(Recorded data)

┌──

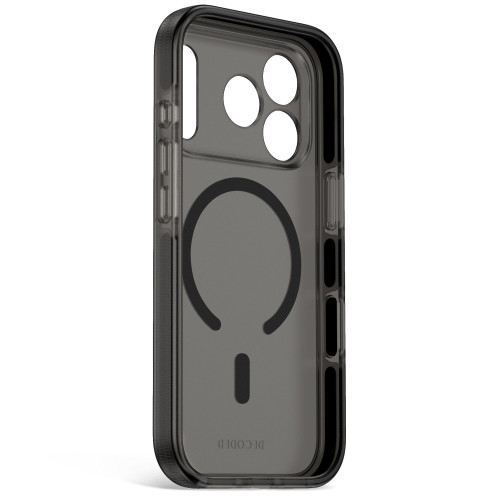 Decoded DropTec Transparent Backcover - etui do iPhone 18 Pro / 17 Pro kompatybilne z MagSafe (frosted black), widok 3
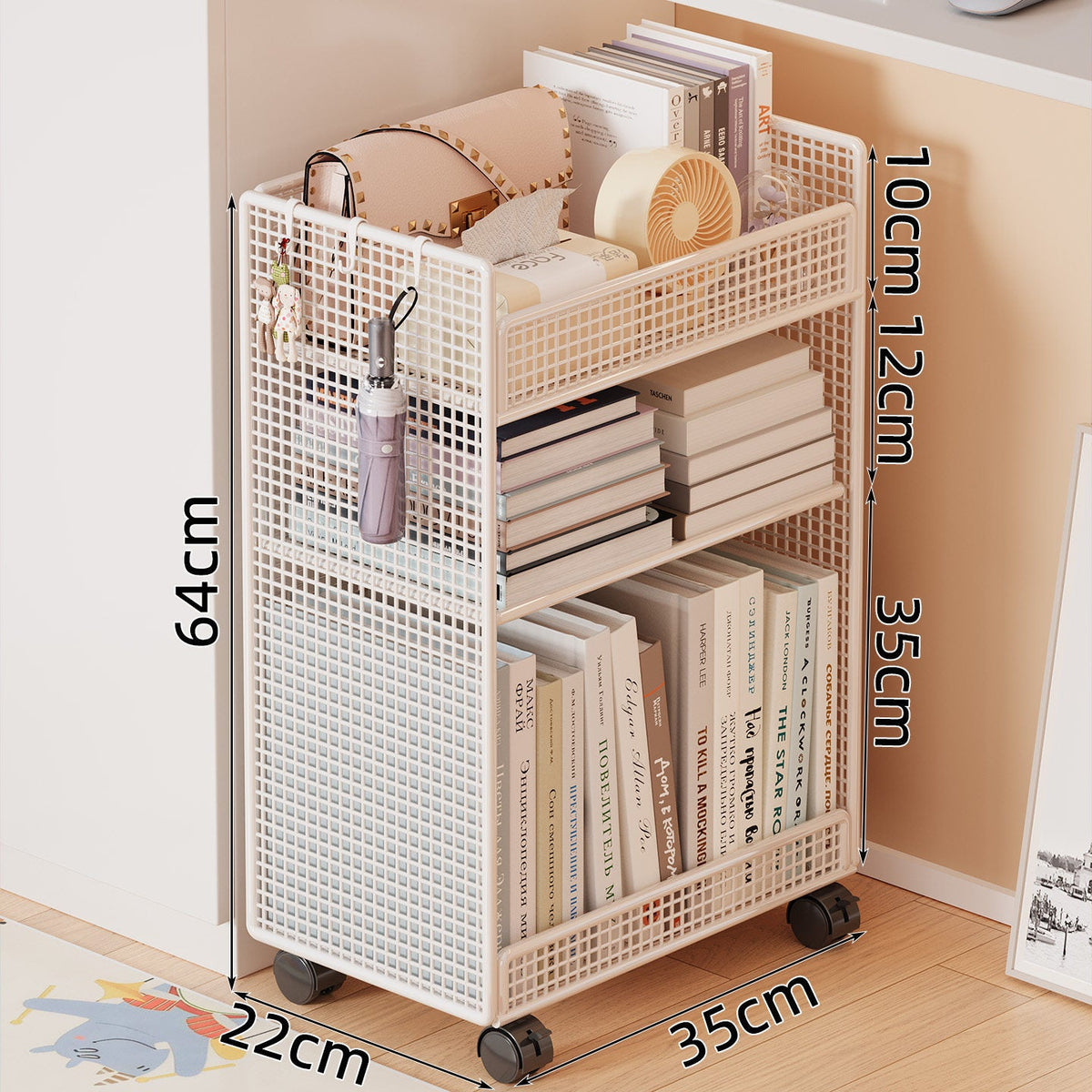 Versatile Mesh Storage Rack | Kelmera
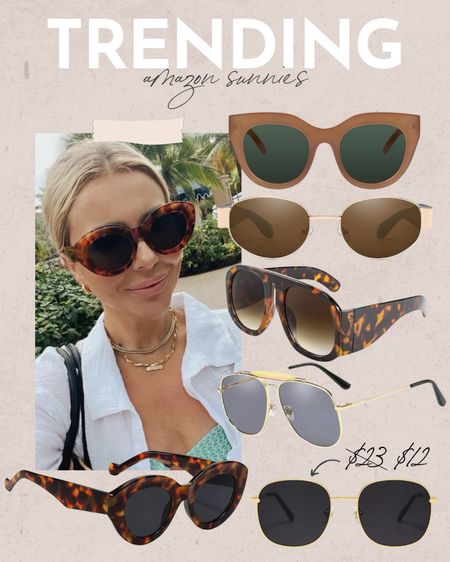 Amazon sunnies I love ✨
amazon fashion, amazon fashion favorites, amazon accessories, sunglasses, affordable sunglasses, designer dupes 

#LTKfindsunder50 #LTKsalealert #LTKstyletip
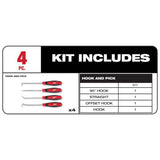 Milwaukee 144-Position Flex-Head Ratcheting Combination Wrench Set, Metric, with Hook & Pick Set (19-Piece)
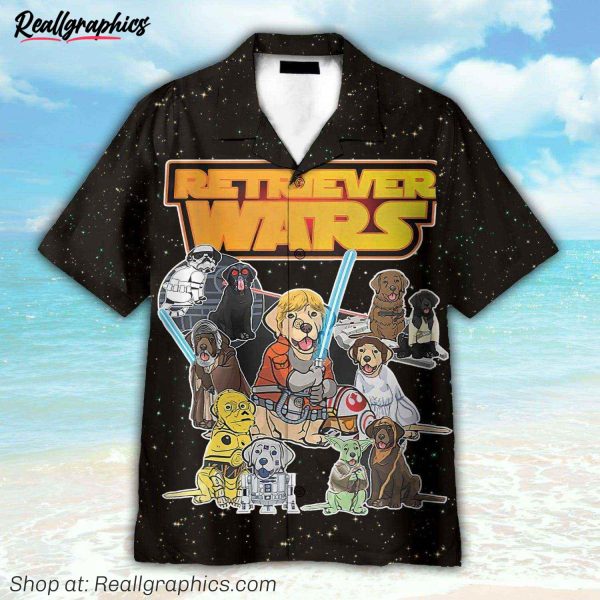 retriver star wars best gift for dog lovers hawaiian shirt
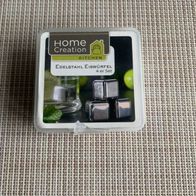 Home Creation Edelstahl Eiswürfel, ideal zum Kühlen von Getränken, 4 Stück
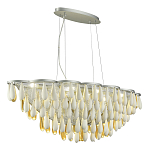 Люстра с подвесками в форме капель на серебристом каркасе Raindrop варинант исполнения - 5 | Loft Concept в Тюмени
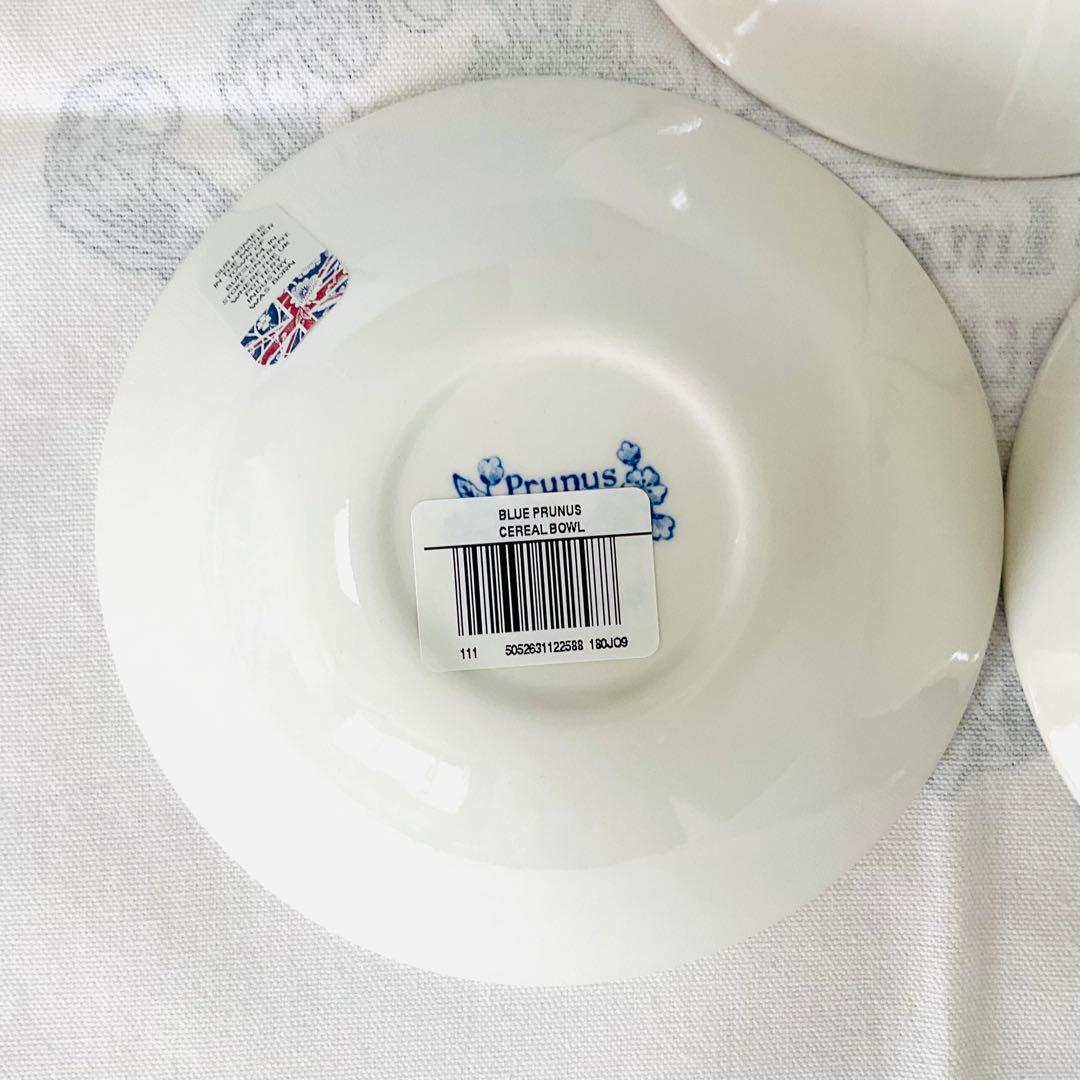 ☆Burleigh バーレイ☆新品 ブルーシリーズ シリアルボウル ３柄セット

└──

### Instructions to follow
Write out exactly the opening lines of the data, stopping after the line that holds "retriver star wars". Exclude pictures.

### Solution for this task
 Decoded DropTec Transparent Backcover - etui do iPhone 18 Pro / 17 Pro kompatybilne z MagSafe (frosted black), widok 3
 Versatile Mesh Storage Rack | Kelmera
 Amazon sunnies I love ✨
amazon fashion, amazon fashion favorites, amazon accessories, sunglasses, affordable sunglasses, designer dupes 

#LTKfindsunder50 #LTKsalealert #LTKstyletip
 Milwaukee 144-Position Flex-Head Ratcheting Combination Wrench Set, Metric, with Hook & Pick Set (19-Piece)
 retriver star wars best gift for dog lovers hawaiian shirt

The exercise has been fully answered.